* [Exercise details]: The material below contains a line with "Molly - Phoenix Animal Rescue" and a line with "snowfall, october, chester". Copy exactly those two lines and all lines between them.

Start of Data provided

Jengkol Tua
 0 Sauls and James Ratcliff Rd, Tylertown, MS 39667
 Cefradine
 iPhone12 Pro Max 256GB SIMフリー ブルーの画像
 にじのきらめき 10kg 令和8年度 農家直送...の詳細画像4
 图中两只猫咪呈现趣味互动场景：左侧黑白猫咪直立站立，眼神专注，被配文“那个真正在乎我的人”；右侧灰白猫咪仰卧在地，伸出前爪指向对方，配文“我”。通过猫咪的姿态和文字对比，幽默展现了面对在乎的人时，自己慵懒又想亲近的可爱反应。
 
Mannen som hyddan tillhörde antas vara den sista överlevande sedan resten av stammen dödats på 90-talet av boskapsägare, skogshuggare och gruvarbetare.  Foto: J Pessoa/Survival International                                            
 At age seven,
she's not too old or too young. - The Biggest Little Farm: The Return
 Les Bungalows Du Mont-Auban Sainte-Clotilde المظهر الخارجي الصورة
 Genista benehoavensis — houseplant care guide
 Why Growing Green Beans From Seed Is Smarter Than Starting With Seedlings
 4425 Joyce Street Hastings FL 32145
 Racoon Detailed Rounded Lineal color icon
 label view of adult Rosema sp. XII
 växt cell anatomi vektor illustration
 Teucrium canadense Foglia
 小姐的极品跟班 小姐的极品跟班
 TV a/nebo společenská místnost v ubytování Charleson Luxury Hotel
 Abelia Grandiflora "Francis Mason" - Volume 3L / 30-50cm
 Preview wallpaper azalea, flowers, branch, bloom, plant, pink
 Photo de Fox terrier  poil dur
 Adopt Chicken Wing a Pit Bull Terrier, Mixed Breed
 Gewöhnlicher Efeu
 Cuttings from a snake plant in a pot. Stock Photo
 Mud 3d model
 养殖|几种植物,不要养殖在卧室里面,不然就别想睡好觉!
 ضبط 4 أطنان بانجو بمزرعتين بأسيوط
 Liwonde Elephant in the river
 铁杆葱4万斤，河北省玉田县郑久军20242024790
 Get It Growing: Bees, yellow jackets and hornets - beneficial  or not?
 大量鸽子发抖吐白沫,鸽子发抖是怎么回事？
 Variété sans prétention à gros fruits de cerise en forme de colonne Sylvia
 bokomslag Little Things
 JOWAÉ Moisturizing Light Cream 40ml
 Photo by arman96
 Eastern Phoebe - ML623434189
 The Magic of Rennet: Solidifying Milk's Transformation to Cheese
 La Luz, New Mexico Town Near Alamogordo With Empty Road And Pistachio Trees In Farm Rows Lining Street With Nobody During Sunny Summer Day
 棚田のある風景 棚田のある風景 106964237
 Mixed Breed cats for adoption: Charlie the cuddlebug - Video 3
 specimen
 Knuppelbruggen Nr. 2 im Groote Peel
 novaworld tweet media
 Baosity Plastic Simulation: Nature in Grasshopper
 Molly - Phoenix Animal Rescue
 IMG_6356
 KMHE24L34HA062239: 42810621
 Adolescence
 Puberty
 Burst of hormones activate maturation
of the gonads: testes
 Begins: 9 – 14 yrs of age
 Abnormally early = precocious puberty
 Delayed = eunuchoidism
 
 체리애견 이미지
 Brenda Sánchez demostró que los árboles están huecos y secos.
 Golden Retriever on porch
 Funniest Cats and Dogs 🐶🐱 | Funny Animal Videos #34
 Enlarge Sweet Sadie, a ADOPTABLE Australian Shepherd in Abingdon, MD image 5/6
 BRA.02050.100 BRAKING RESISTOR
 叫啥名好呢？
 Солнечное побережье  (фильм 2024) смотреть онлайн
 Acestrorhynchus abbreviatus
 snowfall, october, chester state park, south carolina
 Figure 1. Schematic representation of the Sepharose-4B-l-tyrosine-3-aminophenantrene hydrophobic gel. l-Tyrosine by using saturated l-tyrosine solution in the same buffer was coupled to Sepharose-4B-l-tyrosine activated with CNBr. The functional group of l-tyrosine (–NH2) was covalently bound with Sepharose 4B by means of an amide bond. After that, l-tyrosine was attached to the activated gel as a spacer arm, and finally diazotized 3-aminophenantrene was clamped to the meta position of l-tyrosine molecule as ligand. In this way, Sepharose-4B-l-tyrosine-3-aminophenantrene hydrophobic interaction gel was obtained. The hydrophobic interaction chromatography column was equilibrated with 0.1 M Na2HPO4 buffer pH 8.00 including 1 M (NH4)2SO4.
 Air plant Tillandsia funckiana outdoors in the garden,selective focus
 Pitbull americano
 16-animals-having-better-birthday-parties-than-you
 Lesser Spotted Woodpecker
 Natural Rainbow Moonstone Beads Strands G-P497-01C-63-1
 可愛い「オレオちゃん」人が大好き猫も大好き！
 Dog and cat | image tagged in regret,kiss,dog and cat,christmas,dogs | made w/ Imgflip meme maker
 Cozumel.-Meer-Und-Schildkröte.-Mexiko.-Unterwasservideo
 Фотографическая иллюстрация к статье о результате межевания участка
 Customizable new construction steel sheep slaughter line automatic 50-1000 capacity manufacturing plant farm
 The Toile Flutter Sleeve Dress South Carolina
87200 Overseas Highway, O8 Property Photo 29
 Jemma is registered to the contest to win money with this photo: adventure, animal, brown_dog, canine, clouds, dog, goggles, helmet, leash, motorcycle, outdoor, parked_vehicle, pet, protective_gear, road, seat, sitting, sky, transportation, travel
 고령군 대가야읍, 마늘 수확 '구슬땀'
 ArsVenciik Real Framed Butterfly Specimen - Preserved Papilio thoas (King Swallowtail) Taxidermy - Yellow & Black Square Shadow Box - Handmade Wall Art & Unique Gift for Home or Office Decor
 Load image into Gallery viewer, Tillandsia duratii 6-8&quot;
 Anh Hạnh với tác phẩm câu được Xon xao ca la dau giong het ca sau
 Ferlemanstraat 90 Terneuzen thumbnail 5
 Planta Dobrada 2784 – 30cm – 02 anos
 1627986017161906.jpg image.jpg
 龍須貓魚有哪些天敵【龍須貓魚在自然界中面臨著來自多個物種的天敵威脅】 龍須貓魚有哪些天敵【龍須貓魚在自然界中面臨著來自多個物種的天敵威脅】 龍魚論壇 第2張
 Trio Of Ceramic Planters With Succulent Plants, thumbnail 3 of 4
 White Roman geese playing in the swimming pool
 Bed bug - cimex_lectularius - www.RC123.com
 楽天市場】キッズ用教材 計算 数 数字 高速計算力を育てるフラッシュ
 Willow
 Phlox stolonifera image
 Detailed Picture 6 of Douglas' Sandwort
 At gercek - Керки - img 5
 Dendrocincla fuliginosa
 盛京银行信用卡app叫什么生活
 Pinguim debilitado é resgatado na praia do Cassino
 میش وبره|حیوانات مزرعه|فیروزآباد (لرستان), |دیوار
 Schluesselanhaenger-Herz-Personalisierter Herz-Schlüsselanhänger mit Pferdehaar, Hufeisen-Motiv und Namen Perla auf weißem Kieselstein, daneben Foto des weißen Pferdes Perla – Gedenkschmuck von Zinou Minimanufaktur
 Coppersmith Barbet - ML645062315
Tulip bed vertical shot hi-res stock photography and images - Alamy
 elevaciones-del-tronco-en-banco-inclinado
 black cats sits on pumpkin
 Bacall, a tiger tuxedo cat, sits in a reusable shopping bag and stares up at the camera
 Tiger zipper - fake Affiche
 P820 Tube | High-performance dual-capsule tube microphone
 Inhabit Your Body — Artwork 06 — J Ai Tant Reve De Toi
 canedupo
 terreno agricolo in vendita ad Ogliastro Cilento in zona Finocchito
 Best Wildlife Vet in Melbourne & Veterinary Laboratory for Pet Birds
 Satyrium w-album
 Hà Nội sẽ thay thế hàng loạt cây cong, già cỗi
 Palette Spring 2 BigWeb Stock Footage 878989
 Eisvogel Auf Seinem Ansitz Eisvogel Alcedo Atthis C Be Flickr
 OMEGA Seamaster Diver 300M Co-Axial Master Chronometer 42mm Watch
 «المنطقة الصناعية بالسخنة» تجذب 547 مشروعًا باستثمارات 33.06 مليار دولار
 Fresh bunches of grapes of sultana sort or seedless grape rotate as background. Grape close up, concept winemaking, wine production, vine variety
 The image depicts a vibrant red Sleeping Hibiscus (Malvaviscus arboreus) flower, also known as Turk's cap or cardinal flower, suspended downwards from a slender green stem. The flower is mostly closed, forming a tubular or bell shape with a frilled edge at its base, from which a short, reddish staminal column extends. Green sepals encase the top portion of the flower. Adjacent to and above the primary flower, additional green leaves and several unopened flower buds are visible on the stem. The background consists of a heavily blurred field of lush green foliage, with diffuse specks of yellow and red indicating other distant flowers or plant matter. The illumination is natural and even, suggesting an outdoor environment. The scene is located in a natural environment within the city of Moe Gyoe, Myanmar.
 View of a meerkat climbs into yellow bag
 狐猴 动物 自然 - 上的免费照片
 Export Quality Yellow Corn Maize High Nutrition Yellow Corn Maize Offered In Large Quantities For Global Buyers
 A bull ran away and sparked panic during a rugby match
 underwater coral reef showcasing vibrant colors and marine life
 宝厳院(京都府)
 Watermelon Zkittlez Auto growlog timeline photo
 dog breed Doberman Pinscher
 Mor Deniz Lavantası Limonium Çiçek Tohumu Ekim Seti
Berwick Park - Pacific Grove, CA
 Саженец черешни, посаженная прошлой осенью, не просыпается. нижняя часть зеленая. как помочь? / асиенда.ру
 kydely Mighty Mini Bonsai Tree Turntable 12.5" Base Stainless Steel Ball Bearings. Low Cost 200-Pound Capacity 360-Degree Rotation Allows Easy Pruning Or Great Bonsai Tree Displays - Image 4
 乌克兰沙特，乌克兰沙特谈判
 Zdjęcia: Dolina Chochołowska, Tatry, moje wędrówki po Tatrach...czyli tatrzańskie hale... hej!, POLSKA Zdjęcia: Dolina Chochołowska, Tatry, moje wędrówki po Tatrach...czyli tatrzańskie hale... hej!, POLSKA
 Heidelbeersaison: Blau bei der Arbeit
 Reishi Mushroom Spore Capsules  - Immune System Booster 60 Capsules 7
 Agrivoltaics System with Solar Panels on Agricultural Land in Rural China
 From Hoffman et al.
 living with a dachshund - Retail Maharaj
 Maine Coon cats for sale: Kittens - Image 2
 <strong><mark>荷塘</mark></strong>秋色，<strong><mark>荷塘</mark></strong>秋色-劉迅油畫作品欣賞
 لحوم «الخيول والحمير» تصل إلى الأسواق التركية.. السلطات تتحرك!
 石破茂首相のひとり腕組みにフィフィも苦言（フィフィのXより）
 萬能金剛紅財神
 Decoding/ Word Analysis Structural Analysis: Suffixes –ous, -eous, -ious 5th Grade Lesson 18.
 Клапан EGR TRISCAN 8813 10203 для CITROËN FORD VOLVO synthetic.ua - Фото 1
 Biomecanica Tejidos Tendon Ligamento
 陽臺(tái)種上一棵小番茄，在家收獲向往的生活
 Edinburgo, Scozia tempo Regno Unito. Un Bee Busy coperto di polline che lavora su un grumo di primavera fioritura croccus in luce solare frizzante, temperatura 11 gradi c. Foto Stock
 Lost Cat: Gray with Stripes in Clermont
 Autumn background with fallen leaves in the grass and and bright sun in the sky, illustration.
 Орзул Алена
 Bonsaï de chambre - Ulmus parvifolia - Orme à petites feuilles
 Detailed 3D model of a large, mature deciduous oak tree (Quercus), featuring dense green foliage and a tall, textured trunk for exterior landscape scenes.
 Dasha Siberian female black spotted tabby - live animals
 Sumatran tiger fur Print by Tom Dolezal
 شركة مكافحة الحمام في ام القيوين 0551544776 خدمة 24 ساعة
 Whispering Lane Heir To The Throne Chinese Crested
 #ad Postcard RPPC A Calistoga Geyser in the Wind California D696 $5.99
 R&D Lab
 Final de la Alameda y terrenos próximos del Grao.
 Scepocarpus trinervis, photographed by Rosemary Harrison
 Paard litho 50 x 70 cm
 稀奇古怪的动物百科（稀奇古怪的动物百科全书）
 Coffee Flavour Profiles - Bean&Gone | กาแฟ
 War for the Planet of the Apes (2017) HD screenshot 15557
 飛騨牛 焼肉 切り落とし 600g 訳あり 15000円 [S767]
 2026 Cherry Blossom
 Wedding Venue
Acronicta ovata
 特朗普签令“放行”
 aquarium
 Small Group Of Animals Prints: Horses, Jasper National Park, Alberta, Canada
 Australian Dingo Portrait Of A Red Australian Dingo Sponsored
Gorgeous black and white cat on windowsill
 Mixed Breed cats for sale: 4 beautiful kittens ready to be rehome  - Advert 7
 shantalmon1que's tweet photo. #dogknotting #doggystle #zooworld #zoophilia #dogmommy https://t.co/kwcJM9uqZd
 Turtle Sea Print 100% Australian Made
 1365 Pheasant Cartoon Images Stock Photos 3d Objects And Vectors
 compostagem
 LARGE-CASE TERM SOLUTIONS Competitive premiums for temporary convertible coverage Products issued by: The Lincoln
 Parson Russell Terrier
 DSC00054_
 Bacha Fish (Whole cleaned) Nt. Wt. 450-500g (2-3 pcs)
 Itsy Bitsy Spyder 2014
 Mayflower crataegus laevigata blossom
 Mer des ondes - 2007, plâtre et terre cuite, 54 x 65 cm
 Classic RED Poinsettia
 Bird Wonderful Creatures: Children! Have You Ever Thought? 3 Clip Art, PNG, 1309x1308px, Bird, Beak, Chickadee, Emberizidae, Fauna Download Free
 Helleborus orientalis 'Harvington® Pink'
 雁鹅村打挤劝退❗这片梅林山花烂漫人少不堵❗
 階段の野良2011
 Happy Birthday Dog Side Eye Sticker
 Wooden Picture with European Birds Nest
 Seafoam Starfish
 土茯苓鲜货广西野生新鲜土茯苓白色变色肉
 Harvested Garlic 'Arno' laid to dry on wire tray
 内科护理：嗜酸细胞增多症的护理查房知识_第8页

End of Data provided

* [Answer space]:
 Molly - Phoenix Animal Rescue
 IMG_6356
 KMHE24L34HA062239: 42810621
 Adolescence
 Puberty
 Burst of hormones activate maturation
of the gonads: testes
 Begins: 9 – 14 yrs of age
 Abnormally early = precocious puberty
 Delayed = eunuchoidism
 
 체리애견 이미지
 Brenda Sánchez demostró que los árboles están huecos y secos.
 Golden Retriever on porch
 Funniest Cats and Dogs 🐶🐱 | Funny Animal Videos #34
 Enlarge Sweet Sadie, a ADOPTABLE Australian Shepherd in Abingdon, MD image 5/6
 BRA.02050.100 BRAKING RESISTOR
 叫啥名好呢？
 Солнечное побережье  (фильм 2024) смотреть онлайн
 Acestrorhynchus abbreviatus
 snowfall, october, chester state park, south carolina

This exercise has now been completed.